FEAR.  The four-letter bad word that I believe is just as hurtful as any other four-letter bad word you might be thinking of at this very moment.

To be honest, I know that word so very well.  I have lived in fear as long as I can remember.

Fear of dying when my best friend was killed in a car crash when we were 16.

Fear of not being good enough because as hard as I tried to fit in with groups of friends, or when I didn’t wear the “right brand” or when I chose not to do what others were doing.

Fear of being in my own head.  Sometimes my thoughts have been very dark and scary.

Fear of bad health.  I feared being overweight because that was something I knew all too well growing up.  My family was overweight, so I felt destined to be, too.

I feared for my own life when I was 25 in college and a lump was found at my yearly exam. My body went numb and I couldn’t move a thing… I even passed out.  So many appointments.   Finally, after following it for two years, it was classified normal.

I feared becoming diabetic after my gestational diabetes with my first son and had acquired so many health complications even after his birth that made me feel like death.  I lost a lot of blood that led to severe anemia that later got resolved by a blood transfusion.

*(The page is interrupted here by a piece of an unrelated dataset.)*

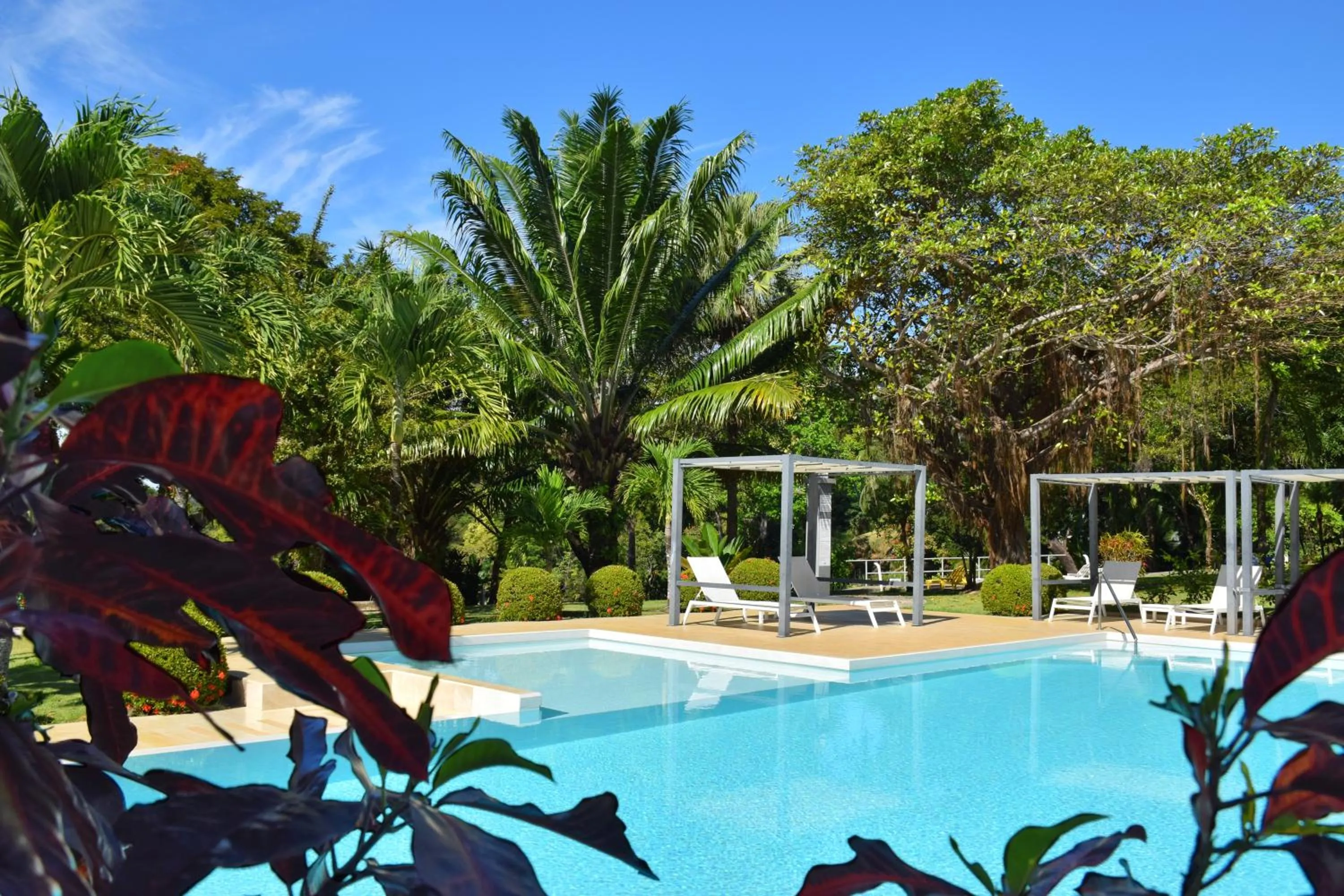 Garden in Bocas del Mar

I feared I was going crazy when I fell into deep anxiety and depression after my second son was born.  I had that feeling that the whole world was crashing down to the whole point I felt nothing.  No emotion. No feelings.

But what if you defied these odds that are against you and you turned it around to create a story that was more based on being FEARLESS?

Over time, I have taken these fears and used them to overcome and conquer these fears to create a more meaningful story of courage and bravery.

I have taken control over my health which has been the greatest blessing in my life.  I have learned to overcome that fear and feel absolutely amazing about myself physically.  It’s taken consistency every day for the last two years since my second son was born but I have defied these odds!  I recently ran my first half marathon and currently training for my first marathon later this year.

I have sought help to help me overcome the emptiness of depression and am coming out of stronger than I have ever been.

Every day is a new day to know your worth and your worth in God’s eyes is sufficient.  With each new day, I realize that I am ENOUGH.

You ARE enough.  Even as adults, we might still be trying to fit in in all the noise of motherhood, business, or who you are as an individual but know that no matter what you are brighter than glitter.

I’ve taken chances to start my own business in photography, health and fitness, and recently Bei: Be Beautiful with a mission to empower women that they are beautiful no matter what their story may be.

To me this is the definition of being a #fearlessfemale.  Taking your fears and turning them into strengths.  Taking that old story and turning it into something meaningful and beautiful that can help serve others.  Leading your family by example.  No matter what you’re going through, be fearless and remember you got this!